つまり、イエスやその弟子が信じたような「神」も「キリスト」も「神の国の到来」も、実際にはないのだけれども、彼らはそれを信じて、「最後の審判」を待っている、ということであり、人間イエスもまた、そうした「宗教的虚構」を信じた「心優しき善人」だった、つまり「ただの(無力な)優しい人」だった、ということなのではないだろうか。

だから、彼もまた、「戦争指導者」たちと同じ場所で、どこへも行けないまま、永遠に「救いを待ち続けるしかない」のではないだろうか。

それでも救いなのは、イエスが、キリスト教徒とは違って、苦しみながらも、他の人々と共にいようとしている、ということなのではないだろうか。
仮に、そのイエスが、この映画で描かれるとおり、無神論者であるスターリンに嘲笑されるような、「無力な人」であったとしても、である。

つまり、この映画に描かれている「煉獄めいた場所」とは、じつのところ、この「現実」世界の「暗喩」なのだと、そう考えれば、理屈が通るはずだ。

そこは「天国」でも「地獄」でもなく、「煉獄」でもなければ「辺土(リンボ)」ですらない。ただの「この世界」である。
だから、「戦争指導者」たちは、特に苦しめられることもないかわりに「どこへも行けない」。しかし、どこへも行けないのは、彼らだけではなく、たぶん、すべての人が「どこへも行けない」のが、この現実世界なのだ。

そう考えてみると、この作品にも描かれるとおりで、たしかに人々は、必ずしも薄暗い世界のなかで「鬱々と徘徊しているだけ」というわけではなく、時に明るい場所に出て熱狂したりもするのだが、しかしまた、結局のところ「どこへも行けない」のである。

(独裁者たちに熱狂する民衆)
(一帯の生き物のごとく、波のようにうねる民衆)
(山脈のごとく聳え立つ白亜の建造物)

したがって、この作品が描いているのは、ヒトラー、スターリン、ムッソリーニ、チャーチルといった第二次世界大戦の指導者たちの「成れの果て」というよりも、私たち(すべての人間)の「この世界」での現実を、象徴的にではあれ、「そのまま」描いている、ということなのではないか。
この現実世界の後には、「天国」もなければ「地獄」もない。
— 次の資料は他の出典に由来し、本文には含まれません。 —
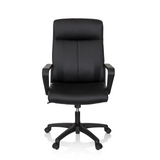 Poltrona professionale LISSO nera con braccioli e base a cinque ruote di hjh OFFICE – vista a 360° (vista frontale 0°)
ただ、私たちは、そうした「フィクション」を夢想しながら、この薄暗い世界を生きていくしかないと、ソクーロフ監督は、そんな「リアルな世界」を描いたのではないだろうか。

本作に、「オチらしいオチ」や「結末らしい結末」が無いのは、私たちの現実世界に「オチ」や「結末」が無いのと、同じことなのではないのか。

無論、いずれ人類は滅ぶのだから、それが「オチ」であり「結末」だと言えなくもないのだけれど、私たち個々の「現実の生」を見た場合、「生」は突然終了して、当人は「死」を体験することができない。
その意味で、「死」は存在しないのであり、人間は「この生」に閉じ込められたまま「どこへも行けない」、というのが、リアルな現実なのではないか。

以上のような意味で、本作が「何を描いているのか、さっぱりわからない」という方に向けて、私は「これは、私たちの世界そのままでしょう」という解答を提供したい。

「宗教的なフィクション」に逃げないで、この世界の現実を見るならば、私たちの現実世界と、この映画の描いた世界には、どれほどの逕庭があると言えるだろうか。